TASK STATEMENT → Within the data below, find the string "Platinum" and return each line where it occurs.

DATA UNDER STUDY →

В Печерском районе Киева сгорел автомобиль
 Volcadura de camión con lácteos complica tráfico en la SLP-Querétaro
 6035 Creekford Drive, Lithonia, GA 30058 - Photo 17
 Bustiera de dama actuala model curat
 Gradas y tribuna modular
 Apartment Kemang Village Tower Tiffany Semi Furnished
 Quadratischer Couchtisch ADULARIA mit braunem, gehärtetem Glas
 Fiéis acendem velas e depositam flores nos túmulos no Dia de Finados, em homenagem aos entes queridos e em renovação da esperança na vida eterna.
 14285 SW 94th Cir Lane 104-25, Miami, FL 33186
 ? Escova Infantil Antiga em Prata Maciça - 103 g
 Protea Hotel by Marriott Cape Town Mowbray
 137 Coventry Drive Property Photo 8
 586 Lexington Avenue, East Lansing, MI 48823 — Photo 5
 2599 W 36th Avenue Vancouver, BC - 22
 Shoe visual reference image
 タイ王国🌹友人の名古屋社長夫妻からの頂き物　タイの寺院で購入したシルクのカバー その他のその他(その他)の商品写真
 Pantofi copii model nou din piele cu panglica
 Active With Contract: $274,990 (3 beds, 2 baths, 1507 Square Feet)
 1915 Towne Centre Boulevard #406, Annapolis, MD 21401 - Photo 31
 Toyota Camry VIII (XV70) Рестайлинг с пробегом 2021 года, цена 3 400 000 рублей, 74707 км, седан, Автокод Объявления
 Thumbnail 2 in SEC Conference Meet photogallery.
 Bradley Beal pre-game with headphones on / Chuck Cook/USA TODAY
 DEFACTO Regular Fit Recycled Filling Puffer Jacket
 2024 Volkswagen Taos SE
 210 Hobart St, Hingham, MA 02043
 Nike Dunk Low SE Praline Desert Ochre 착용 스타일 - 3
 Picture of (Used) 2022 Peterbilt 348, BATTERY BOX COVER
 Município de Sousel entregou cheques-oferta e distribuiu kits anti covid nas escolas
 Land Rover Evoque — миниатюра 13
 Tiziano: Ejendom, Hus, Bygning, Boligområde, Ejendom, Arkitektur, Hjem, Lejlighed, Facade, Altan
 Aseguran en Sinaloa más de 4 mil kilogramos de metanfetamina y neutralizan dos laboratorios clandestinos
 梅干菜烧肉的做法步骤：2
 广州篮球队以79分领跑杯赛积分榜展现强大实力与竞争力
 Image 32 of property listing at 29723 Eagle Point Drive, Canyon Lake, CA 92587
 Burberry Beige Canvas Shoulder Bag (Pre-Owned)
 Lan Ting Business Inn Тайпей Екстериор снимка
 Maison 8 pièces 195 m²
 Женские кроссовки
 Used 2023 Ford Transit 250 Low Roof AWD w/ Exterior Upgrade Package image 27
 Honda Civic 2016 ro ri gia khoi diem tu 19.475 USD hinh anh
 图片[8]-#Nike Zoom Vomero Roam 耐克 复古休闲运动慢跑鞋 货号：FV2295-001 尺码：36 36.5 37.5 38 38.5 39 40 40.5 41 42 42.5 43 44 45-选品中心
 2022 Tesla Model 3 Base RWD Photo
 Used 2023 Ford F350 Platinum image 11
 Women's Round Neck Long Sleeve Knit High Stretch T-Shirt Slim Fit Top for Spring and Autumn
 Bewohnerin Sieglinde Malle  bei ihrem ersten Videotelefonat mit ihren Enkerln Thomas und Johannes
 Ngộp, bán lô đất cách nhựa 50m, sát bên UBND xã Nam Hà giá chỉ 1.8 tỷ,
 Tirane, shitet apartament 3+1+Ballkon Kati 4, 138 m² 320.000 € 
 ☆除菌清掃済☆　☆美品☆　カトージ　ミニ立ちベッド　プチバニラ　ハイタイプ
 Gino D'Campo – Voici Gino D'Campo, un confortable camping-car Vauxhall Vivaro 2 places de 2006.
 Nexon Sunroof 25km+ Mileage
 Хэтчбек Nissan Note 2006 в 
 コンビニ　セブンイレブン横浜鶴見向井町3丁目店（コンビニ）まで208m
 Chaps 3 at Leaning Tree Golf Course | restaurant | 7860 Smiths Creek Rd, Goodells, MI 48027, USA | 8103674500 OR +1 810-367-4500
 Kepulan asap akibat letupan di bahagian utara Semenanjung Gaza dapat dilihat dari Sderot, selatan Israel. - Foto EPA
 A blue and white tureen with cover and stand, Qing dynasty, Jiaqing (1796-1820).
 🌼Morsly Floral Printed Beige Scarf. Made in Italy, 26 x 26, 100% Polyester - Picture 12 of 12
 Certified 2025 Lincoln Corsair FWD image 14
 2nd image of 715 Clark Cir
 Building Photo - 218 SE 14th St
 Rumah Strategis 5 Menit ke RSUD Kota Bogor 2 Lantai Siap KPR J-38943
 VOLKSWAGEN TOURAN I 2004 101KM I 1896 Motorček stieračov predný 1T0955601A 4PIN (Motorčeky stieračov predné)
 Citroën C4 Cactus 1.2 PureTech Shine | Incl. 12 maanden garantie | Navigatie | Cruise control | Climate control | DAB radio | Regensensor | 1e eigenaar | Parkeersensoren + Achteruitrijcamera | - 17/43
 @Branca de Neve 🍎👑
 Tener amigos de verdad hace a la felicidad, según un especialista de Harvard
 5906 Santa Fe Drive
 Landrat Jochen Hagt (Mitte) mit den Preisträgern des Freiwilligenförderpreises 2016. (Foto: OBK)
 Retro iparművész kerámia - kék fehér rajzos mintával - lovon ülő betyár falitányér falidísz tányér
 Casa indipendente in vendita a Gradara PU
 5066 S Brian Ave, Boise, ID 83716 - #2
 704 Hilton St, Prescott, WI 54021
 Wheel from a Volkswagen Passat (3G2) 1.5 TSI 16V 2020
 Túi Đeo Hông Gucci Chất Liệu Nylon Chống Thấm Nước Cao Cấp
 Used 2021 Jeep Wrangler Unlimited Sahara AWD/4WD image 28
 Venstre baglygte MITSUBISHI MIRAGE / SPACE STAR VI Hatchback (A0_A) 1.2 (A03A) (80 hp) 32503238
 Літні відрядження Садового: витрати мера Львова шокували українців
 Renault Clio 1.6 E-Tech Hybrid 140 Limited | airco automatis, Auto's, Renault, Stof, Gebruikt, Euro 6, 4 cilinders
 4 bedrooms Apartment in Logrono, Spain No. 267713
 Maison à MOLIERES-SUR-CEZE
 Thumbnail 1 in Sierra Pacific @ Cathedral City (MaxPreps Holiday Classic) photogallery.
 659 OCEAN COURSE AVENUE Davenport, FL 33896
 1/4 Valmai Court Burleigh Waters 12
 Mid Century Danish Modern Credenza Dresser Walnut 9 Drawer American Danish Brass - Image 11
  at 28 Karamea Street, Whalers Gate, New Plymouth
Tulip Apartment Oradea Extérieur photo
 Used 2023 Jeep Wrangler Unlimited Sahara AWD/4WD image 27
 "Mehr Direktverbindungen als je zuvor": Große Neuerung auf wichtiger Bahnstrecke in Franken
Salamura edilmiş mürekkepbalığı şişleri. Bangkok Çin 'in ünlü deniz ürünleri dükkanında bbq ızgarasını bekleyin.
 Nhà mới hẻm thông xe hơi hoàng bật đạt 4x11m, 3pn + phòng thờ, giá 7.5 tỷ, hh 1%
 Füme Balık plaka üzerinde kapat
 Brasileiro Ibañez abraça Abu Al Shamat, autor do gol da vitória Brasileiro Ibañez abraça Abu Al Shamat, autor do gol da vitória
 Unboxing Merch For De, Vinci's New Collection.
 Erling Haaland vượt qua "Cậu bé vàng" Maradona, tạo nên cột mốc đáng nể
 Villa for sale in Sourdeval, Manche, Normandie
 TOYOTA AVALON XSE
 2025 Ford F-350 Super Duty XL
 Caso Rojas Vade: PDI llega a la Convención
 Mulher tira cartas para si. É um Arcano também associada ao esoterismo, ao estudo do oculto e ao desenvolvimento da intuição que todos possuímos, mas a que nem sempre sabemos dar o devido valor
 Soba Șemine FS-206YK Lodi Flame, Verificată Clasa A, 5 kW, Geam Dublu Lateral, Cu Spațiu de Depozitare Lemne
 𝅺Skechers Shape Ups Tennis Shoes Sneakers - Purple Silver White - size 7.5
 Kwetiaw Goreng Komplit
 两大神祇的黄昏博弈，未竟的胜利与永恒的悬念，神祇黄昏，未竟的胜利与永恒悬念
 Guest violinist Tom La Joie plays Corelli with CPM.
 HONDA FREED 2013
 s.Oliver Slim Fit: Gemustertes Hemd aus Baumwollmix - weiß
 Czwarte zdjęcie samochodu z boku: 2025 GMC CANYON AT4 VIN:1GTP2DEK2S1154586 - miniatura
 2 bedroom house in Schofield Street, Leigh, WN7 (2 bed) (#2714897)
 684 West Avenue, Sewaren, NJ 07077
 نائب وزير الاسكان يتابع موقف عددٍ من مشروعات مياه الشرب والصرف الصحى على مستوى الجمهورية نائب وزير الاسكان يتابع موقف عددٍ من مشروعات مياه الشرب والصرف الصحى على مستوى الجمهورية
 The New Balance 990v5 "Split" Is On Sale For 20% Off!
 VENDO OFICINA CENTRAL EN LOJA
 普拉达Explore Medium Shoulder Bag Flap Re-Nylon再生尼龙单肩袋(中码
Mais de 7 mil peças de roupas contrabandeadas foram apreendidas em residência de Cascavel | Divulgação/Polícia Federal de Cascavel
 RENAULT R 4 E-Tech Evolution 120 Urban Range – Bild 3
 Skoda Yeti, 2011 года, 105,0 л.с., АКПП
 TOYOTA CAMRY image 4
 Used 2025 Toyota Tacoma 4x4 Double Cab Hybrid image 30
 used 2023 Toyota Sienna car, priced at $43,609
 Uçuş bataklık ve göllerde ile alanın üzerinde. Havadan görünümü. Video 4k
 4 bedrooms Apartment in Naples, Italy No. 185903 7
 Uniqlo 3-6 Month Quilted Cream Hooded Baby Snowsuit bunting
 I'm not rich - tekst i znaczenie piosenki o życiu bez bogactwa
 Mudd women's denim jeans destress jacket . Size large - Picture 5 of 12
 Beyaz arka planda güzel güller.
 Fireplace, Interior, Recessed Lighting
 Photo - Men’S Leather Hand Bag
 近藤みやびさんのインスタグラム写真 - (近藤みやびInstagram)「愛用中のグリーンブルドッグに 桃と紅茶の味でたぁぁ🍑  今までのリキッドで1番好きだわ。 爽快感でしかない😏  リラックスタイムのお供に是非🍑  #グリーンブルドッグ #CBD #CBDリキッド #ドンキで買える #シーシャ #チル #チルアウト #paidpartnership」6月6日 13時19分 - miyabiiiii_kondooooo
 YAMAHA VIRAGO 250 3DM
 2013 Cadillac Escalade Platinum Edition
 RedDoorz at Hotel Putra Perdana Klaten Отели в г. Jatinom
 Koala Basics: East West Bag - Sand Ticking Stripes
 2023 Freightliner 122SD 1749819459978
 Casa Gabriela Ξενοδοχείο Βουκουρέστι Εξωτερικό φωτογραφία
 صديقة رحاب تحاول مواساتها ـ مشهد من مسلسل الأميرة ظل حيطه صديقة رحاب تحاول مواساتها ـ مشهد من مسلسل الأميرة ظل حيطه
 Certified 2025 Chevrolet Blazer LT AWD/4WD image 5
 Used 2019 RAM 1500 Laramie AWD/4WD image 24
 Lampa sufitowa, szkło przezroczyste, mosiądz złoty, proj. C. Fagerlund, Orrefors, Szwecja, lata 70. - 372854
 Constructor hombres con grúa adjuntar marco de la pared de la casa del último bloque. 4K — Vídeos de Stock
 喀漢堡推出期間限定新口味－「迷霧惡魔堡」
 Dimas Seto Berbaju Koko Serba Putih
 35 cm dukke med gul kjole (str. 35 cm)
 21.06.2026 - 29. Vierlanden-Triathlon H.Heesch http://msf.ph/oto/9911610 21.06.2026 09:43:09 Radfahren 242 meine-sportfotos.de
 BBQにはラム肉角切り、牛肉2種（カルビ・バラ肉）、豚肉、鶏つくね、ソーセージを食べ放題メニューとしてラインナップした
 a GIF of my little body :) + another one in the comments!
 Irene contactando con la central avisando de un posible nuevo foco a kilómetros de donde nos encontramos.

ANSWER →
 Used 2023 Ford F350 Platinum image 11
 2013 Cadillac Escalade Platinum Edition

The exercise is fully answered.